Work request
Please report each line of the data below that contains "para".

+ + + + +

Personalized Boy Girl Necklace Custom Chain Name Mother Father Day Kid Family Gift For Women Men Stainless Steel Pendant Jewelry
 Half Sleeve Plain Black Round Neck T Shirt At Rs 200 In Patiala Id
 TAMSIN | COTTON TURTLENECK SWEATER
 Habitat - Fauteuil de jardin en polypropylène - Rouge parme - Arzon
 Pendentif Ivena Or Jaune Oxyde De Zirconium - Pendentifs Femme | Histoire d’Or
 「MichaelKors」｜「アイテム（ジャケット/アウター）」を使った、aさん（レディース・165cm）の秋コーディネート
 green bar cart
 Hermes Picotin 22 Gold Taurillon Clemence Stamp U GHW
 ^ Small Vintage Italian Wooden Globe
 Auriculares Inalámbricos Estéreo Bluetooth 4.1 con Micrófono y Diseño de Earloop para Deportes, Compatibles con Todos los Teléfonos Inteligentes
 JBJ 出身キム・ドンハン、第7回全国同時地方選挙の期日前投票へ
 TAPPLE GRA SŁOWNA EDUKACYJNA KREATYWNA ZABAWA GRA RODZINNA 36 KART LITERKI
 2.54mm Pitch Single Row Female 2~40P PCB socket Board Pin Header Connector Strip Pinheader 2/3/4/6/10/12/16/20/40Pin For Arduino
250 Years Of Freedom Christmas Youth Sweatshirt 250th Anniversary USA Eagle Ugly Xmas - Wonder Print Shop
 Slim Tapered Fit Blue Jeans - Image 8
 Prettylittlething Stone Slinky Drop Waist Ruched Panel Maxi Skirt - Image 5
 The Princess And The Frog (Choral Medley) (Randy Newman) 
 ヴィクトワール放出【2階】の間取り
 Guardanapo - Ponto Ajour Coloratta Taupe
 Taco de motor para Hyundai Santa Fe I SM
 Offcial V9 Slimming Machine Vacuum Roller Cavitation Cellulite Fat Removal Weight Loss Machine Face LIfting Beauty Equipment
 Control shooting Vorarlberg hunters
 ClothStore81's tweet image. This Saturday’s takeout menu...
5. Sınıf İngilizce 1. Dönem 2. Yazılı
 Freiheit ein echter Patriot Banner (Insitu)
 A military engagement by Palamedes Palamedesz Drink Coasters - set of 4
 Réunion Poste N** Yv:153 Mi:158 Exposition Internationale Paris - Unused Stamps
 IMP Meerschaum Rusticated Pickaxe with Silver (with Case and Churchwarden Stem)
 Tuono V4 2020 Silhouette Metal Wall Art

+ + + + +

Answer box
 Auriculares Inalámbricos Estéreo Bluetooth 4.1 con Micrófono y Diseño de Earloop para Deportes, Compatibles con Todos los Teléfonos Inteligentes
 Taco de motor para Hyundai Santa Fe I SM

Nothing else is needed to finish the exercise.